Otra es la perspectiva comparada: qué reglas se han adoptado en países similares al nuestro, qué resultados han producido y qué tipo de reformas podríamos adoptar a partir de la experiencia propia y en comparación con la de otros casos: “antes de reinventar la rueda, echemos una mirada al resto del mundo, veamos qué ha funcionado y por qué”.
Otra es la perspectiva analítica: qué incentivos produce cada arreglo institucional, cuáles son las consecuencias esperadas de dichas reglas, y cuáles son los incentivos de cada actor político para impulsar o bloquear una reforma u otra: “quién gana y quién pierde con el statu quo, quién ganaría o perdería con cada reforma propuesta”. En la medida que los resultados y las consecuencias de cada reforma no siempre son observables o no siempre se pueden anticipar, la evaluación de propuestas de reforma requiere de una combinación de los tres enfoques.
Un marco mínimo de referencia para evaluar reformas electorales sería éste: ¿la reforma propuesta produce elecciones más competitivas o no? ¿Hace más representativo o incluyente el sistema político o no? ¿Fortalece los contrapesos o la rendición de cuentas de los funcionarios públicos o no? ¿Concentra o diluye el poder político?
Por desgracia, muy pocos políticos evalúan las reformas de este modo. Quizá no tendrían por qué hacerlo, cuando su negocio es mantenerse en el poder o aumentarlo, no compartirlo. Por eso no debe sorprendernos que las reformas electorales de muchos países consistan en una serie accidentada de reformas parciales (parches que suenan bien, pero cambian poco las cosas), cortoplacistas (que ofrecen dividendos inmediatos a quien las propone) y reactivas (diseñadas a partir de la última elección).
A pesar de ello, algunas reformas socialmente deseables han logrado materializarse. La adopción de la representación proporcional en el Congreso, la creación del IFE, el Cofipe de 1996, el financiamiento público a partidos, etcétera, están entre las reformas electorales cuyas consecuencias pueden considerarse deseables en lo general. No puede decirse lo mismo, por desgracia, de las reformas de 2007-2008 tales como el nuevo modelo de acceso a medios, la prohibición de campañas negativas o los procesos especiales sancionadores. Tampoco puede decirse esto de la propuesta de crear un Instituto Nacional Electoral, por ejemplo.

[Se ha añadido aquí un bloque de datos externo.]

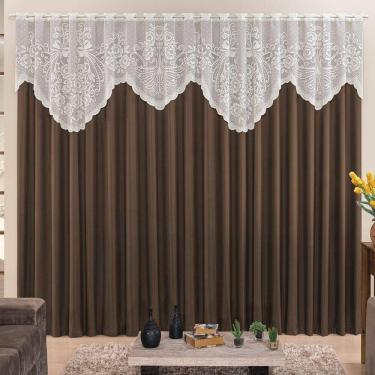 Imagem de Cortina 2,00m X 1,70m Do Momento Sala Quarto Renda Com Microfibra P Varão Tabaco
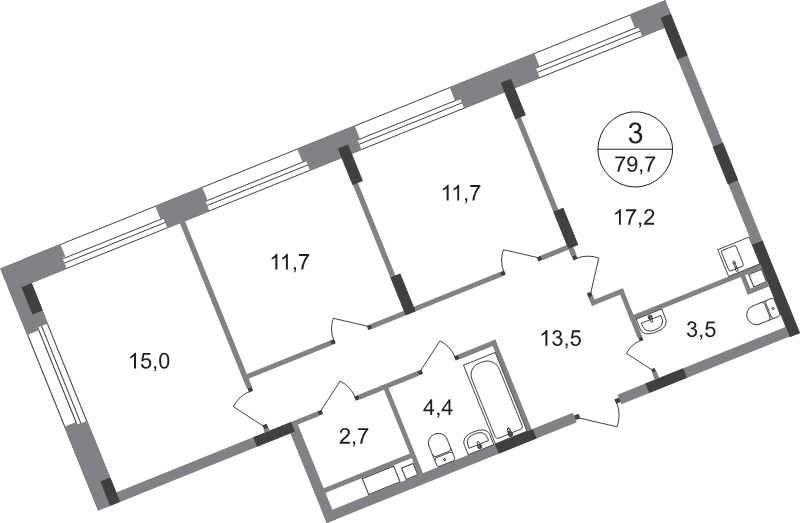 Продажа 3-комн квартиры в новостройке Рассказовка д., Бориса Пастернака ул.,  к. 18.1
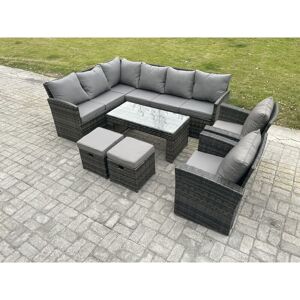 Rattan Garden Furniture Sets High Back Corner Sofa Oblong Coffee Table Set with 2 Small Footstool 2 Armchairs Dark Grey Mixed - Fimous Rattan Garden Furniture Sets High Back Corner Sofa Oblong Coffee Table Set with 2 Small Footstool 2 Armchairs Dark Grey Mixed - Fimous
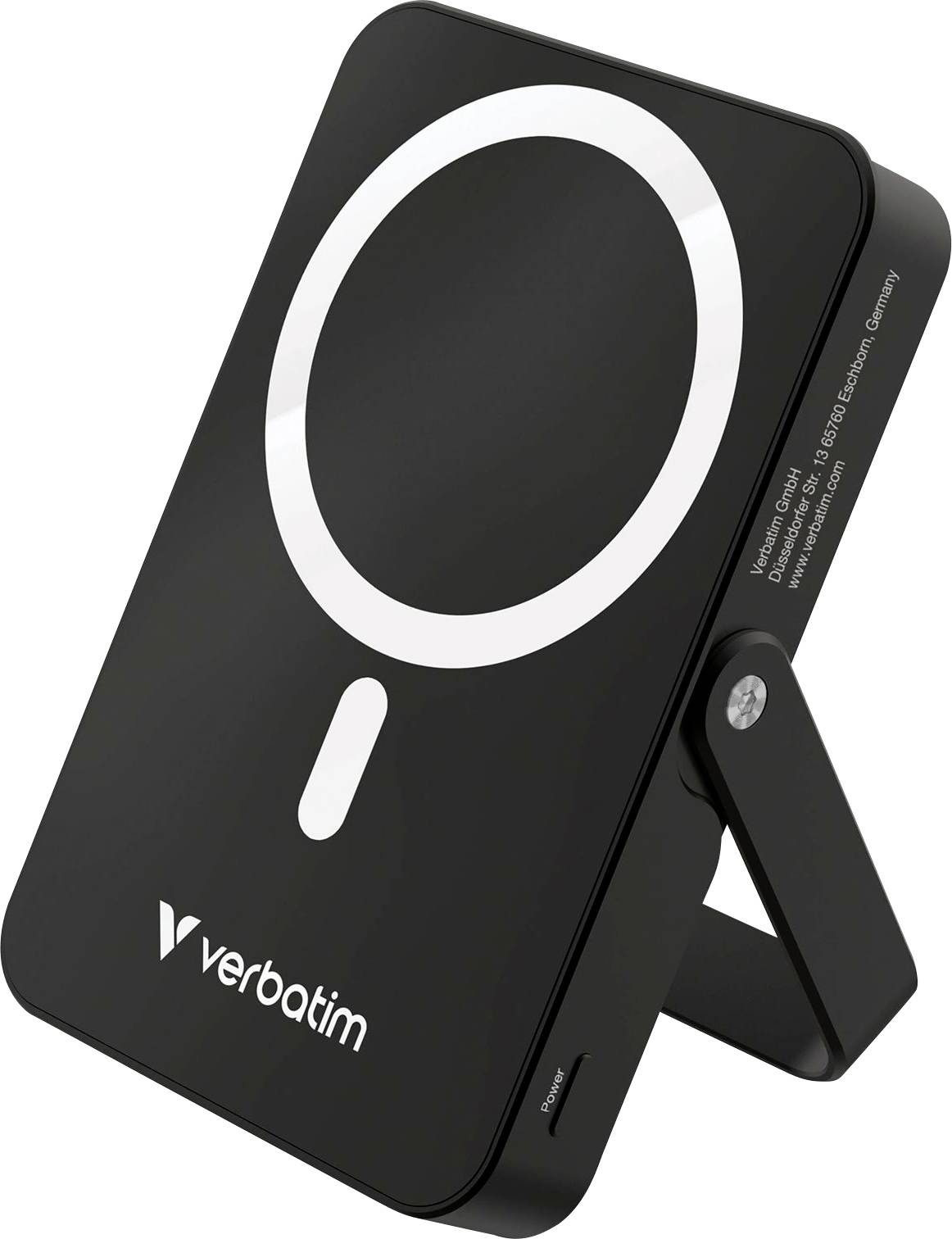 A black Verbatim charger with integrated stand and MagSafe compatibility.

¿Quién exige reformas electorales? ¿De dónde viene la demanda por reformas electorales? A la mayoría de los ciudadanos, presuntos beneficiarios de una democracia plena, no parece interesarles mucho tal o cual reforma electoral: no han habido marchas por la reelección o la segunda vuelta, por ejemplo, ni las habrá.
A los militantes y simpatizantes partidistas, que se cuentan entre los pocos ciudadanos interesados activamente en la política, y quienes podrían beneficiarse de una mayor democracia al interior de los partidos, no logran coordinarse para doblegar las reglas que favorecen y protegen a las cúpulas partidistas.
A los alcaldes y diputados tanto locales como federales, políticos en el poder que podrían beneficiarse directamente por la reelección, por ejemplo, tampoco logran coordinarse para que su futuro político dependa menos del capricho de sus líderes partidistas, y más de la evaluación de su desempeño por los votantes. Al final, la demanda por reformas electorales proviene en gran medida de los mismos actores que hoy mismo se benefician del statu quo. Y es una triple tragedia.